**EXERCISE**
The records below hold a stretch from the line with "Kapag nahalo na" through the line with "What it runs: this"; return exactly those lines, ends included, and nothing more.

**DATA RECORDS**
======

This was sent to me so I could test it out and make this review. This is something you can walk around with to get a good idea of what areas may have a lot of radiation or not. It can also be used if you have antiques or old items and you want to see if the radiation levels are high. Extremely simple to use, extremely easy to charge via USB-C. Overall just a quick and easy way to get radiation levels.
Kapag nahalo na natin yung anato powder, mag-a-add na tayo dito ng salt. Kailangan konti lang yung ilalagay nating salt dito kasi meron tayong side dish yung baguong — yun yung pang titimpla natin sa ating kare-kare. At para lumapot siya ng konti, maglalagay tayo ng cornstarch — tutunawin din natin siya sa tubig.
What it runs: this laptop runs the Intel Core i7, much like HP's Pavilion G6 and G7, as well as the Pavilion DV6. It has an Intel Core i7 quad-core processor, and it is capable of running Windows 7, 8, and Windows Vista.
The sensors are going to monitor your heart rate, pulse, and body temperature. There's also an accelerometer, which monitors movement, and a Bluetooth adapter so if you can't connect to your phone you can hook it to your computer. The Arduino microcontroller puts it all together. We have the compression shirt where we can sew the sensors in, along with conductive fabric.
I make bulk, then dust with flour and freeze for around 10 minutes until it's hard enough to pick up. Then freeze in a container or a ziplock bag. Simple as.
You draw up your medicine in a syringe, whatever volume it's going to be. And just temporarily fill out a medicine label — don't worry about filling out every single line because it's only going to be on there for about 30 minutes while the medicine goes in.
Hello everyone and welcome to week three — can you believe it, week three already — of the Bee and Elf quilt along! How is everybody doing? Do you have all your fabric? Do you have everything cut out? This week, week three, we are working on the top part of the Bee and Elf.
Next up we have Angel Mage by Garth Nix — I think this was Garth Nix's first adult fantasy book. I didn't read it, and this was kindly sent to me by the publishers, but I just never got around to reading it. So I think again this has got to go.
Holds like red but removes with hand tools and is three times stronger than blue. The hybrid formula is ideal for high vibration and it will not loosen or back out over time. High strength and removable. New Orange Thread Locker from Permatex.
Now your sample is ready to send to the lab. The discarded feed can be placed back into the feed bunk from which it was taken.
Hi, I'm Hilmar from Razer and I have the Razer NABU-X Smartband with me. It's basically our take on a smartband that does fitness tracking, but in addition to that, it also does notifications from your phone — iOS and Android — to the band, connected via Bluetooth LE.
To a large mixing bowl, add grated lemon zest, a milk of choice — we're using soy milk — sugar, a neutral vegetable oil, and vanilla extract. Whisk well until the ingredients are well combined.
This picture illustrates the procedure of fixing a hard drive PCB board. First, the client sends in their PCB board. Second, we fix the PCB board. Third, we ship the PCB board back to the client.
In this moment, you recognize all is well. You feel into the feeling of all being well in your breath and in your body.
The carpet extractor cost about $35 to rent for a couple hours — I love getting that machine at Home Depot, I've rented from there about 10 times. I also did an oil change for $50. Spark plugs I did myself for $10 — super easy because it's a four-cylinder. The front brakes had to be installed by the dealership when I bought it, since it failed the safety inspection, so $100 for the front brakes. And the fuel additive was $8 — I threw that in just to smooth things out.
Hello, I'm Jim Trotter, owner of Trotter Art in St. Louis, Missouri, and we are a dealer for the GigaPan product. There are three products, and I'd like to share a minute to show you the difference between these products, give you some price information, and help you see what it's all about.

======

**ANSWER FOR THE TASK**
Kapag nahalo na natin yung anato powder, mag-a-add na tayo dito ng salt. Kailangan konti lang yung ilalagay nating salt dito kasi meron tayong side dish yung baguong — yun yung pang titimpla natin sa ating kare-kare. At para lumapot siya ng konti, maglalagay tayo ng cornstarch — tutunawin din natin siya sa tubig.
What it runs: this laptop runs the Intel Core i7, much like HP's Pavilion G6 and G7, as well as the Pavilion DV6. It has an Intel Core i7 quad-core processor, and it is capable of running Windows 7, 8, and Windows Vista.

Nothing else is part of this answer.